Crews spent Tuesday trying to get the vessel, "Joe Bip," out to sea, but will have to wait at least until Wednesday.
Kenneth Thomas was operating the boat when it ran aground with a net caught in the wheel.
Thomas jumped in the water when police came, but was reported safe hours later. The Coast Guard searched for him for about 10 hours.
IMAGES: Shrimp boat on beach
"The cops got him onshore, and then nobody knew how to turn the boat off, and the boat was just sucking up sand and was probably going to destroy the beach environment putting off gas or something," witness Adam Hansford said. "So the cops went on deck to try to turn the engine off. No one knew how, not even the first mate. So they had to get the captain to turn the boat off.
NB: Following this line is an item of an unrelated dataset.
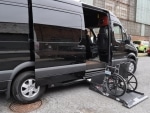 WC Accessible Mercedes Sprinter Limousine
So as the captain was directing the police officer to turn the boat off, he dove in two feet of water and started swimming."
Thomas' friend Mary Sansoucie said she doesn't know why he may have jumped or gotten stuck, but said he'd been working for more than 12 hours.
"I'm thinking he may have fell asleep and they coasted up on the beach, is what I'm thinking," Sansoucie said. "I haven't gotten to talk to anyone yet, but that's usually about the time he drops anchor if he's out fishing."
Atlantic Beach police questioned Thomas, but there's no word on what, if any, charges may be filed. They said that will be decided once evidence is presented to the state attorney's office.
In the meantime, the boat's owners spent the day unsuccessfully trying to pull the boat back in the water.
"We tried it ourselves with another small boat, and it's just a little bit more than we expected," said Vernon Potts, whose family owns the boat. "So now we're waiting for the tide to come in tomorrow and have another company come in and tow the boat off."
The next high tide comes around 4 a.m. Wednesday, but the family will be waiting much longer than that. Their goal is to get it back out into the water around noon for high tide.
The owner said it's expensive to have the boat towed, but the family is fortunate it's covered by insurance.
Potts said because the boat is fiberglass, it won't sustain too much damage. And overall, he's pretty understanding of the situation.
"This ain't the first thing, first time I saw this happen," Potts said. "People working long days, working nights and days, you know, it's going to happen."
Coast Guard pollution investigators were headed to the scene to check for signs of pollution as a result of the grounding.